If I may interject as somebody who has actually put considerable study into simply the practical aspects of this problem, in response to the first writeup in this node:

Supposing there are 'infinite' universes (a universe for every possible movement of every possible quantum in every possible location in time and space), that would mean that not only are there inevitably bound to be universes containing entities who have the technology to travel to other universes, but there are inevitably bound to be very very many universes that are virtually identical to each other.
This means that any given universe-traveller would not have to visit every single 'version' of one universe in order to have studied or exploited it.

Think of it in terms of Borges' "Library of Babel". In the short story, the library contains a vast number of books with the same number of letters on every page, and the same number of pages. The number of books is ridiculously vast, but it is not truly infinite, because there is only one of each precisely-oriented series of letters and pages. Even so, there could potentially be literally billions of books which are identical except for a single letter out of place. There could be hundreds of billions of books identical but for a single word different. If you had a billion copies of "A Wrinkle in Time", even if you changed one letter or one whole word, it would still read to you as the same story contained in any other copy of "A Wrinkle in Time".

Now apply this to any visitors with advanced, universe-travelling technologies. Suppose their mission is exploratory. They will already know that in a given 'sector' of every possible reality, there will be a vast number of nearly-identical universes. They only have to pick one to research to know the gist of all the rest which bear a strong similarity to it.

In other words, for all we know, we've already had visitors, or another version of this universe has already had visitors, and we simply weren't in the place and time to notice them being here/there. They may simply have gotten all their data from a nearly-identical universe.

In the case of exploitative missions, if you have virtually unlimited realities to exploit, the chance of finding any single, specific reality is effectively so low as to be probability-zero.

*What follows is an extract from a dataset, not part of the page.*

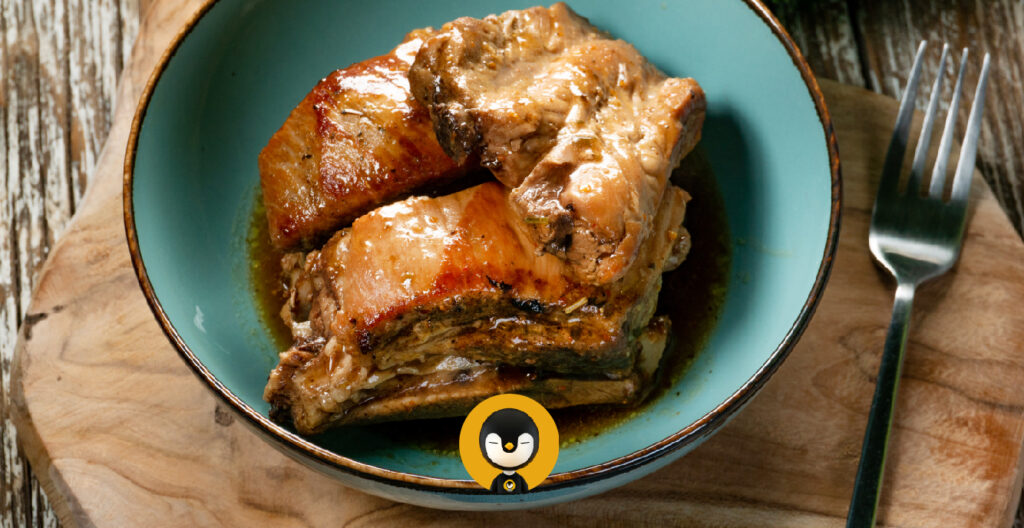 สูตรหมูตุ๋น ฉบับเร่งด่วน สำหรับร้านอาหาร ประหยัดเวลาไม่ต้องตุ๋นข้ามวัน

After some /msg discussion with Pandeism Fish, I decided it would be suitable to add these points to the writeup.
First Pandeism Fish suggested a Universe destroying Universes, to which I replied "If you destroy three hundred trillion universes, it still doesn't go anywhere near infinity."
Pandeism Fish suggested a Universe destroying ALL other Universes, and I replied "If such a way exists, then it would cease to work immediately, because the 'one' that remains in existence would, at Second 1 following the destruction of the last of the other universes, itself create infinitely more universes with the infinite minute variations in movement of quanta. It's a self-defeating proposition."
Pandeism Fish suggested a Universe perpetually destroying other Universes, and I replied: "if ANY universe had found a way to destroy ALL the others but itself... then you and I could not possibly be having this conversation."